I am stuck on part b of this question. I think its a good question. I liked part a.
I got:
U₁=(2x1)-1=1
U₂=1+(2x2-1)=4
U₃=1+3+(3x2-1)=9
U₄=1+3+5+7=16

I really cant understand how they did b.
I thin they substituted Un but unclear on the rest of part b.

Ans to part b:

 

[lev888]

u_n+1 is u_n plus (2i-1) where i is n+1.

 

[Steven G]

Have you learned how to prove something via mathematical induction? Although there are easier ways to do your parts than by mathematical induction, it does work.

 

[pka]

I am stuck on part b of this question. I think its a good question. I liked part a.
I got:
U₁=(2x1)-1=1
U₂=1+(2x2-1)=4
U₃=1+3+(3x2-1)=9
U₄=1+3+5+7=16

I really cant understand how they did b.
I thin they substituted Un but unclear on the rest of part b.
View attachment 17149
Ans to part b:
View attachment 17150

Frankly I am confused by this question.
\(u_n=n^2\) to show that
\(u_n=\sum\limits_{k = 1}^n {(2k - 1)}=2\sum\limits_{k = 1}^n {k }+\sum\limits_{k = 1}^n - 1=2\dfrac{n(n+1)}{2}-n=n^2+n-n=n^2\)

 

[Sonal7]

Have you learned how to prove something via mathematical induction? Although there are easier ways to do your parts than by mathematical induction, it does work.

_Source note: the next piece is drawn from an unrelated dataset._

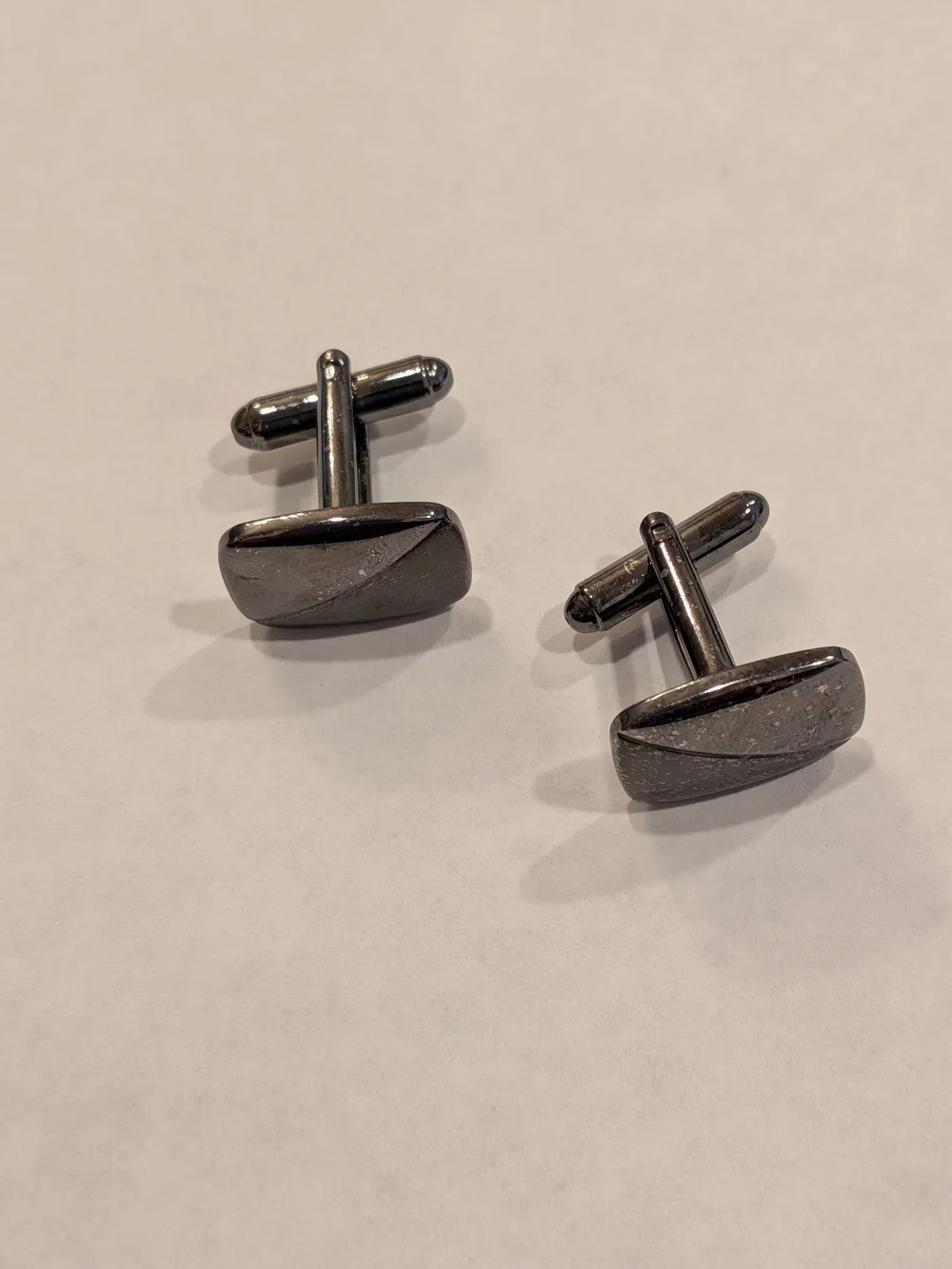 Men's Gunmetal Rectangle Hematite Cufflinks - Classic Formal Accessory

Yes we have, lots of similar type of questions expect you to use mathematical proof by induction. I think this isn't one of those. I needed to use n+1 for i. Thank you Lev888. I found this a hard question, however a good question. There are a few more which when solved makes one feel good.

 

[Sonal7]

Have you learned how to prove something via mathematical induction? Although there are easier ways to do your parts than by mathematical induction, it does work.

Actually I see what you mean. We are doing just that.